Negué con la cabeza.
– No lo creo.
Miré a lo lejos a través de la nieve. No podía ver casi nada, pero… comencé a moverme y los perros se mantuvieron a mi lado. Comencé a correr sobre la nieve y sentí el primer dolor agudo en mis pies cortados. Los ignoré y corrí más rápido. El tiempo y la distancia se acortaban como nunca antes había ocurrido en el exterior del sithen. En un minuto yo estaba con los demás, y al siguiente estaba a kilómetros de distancia, en los campos al lado de la carretera. Mis perros gemelos permanecían conmigo, y otra media docena de negros mastines estaban allí, también.
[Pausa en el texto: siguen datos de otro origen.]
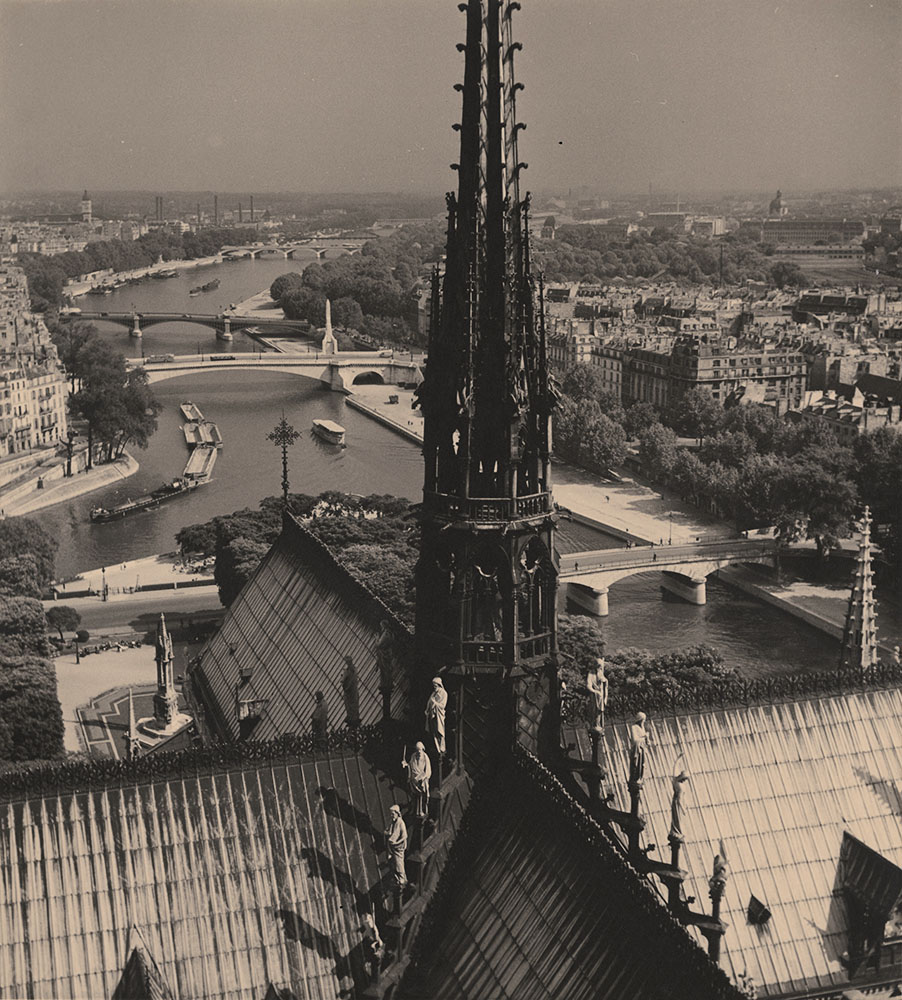 View of Paris and the Seine Showing Notre Dame and Its Spire and Roof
Frost yacía sobre la nieve, inmóvil, como si no pudiera sentir a los perros olfateándole o mis manos dándole la vuelta. Al moverlo me di cuenta de que estaba empapado de sangre y de que sus ojos seguían cerrados. Su cara estaba muy helada. Bajé mis labios hasta los suyos y susurré su nombre.
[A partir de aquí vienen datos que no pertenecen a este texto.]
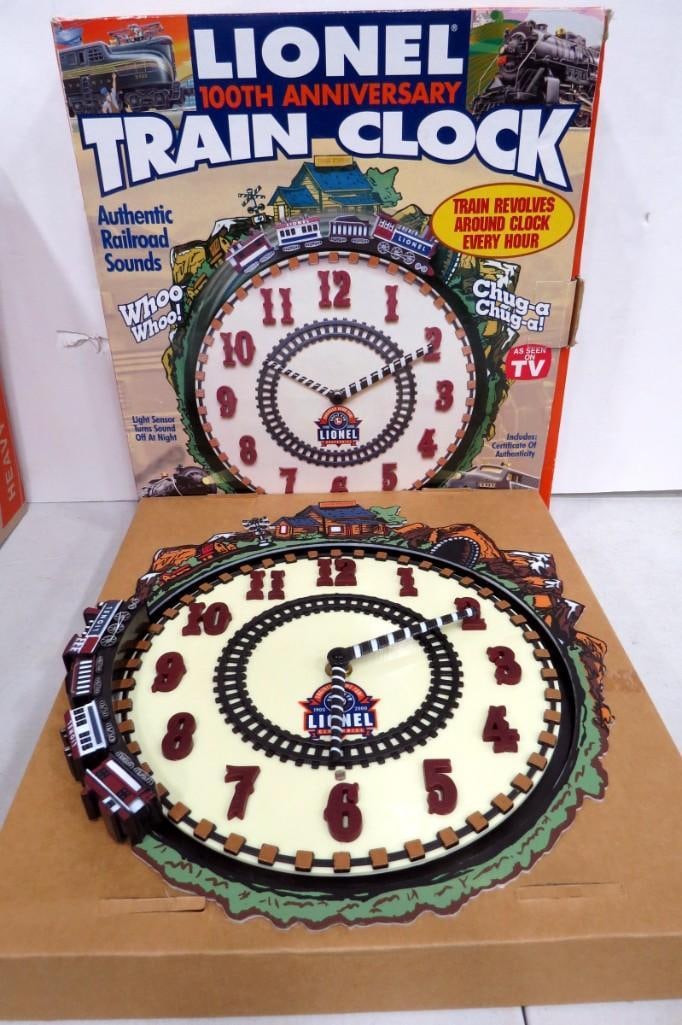 100th Anniversary Lionel Train Clock with box and COA (1 of 3)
– Frost, por favor, por favor, no me dejes.
Su cuerpo se convulsionó, y su aliento se agitó en su pecho. La muerte pareció retroceder. Sus ojos parpadearon hasta abrirse, y trató de alcanzarme, pero su mano cayó sobre la nieve, demasiado débil. Levanté su mano hasta mi cara y la mantuve allí. Sostuve su mano allí mientras se calentaba contra mi piel.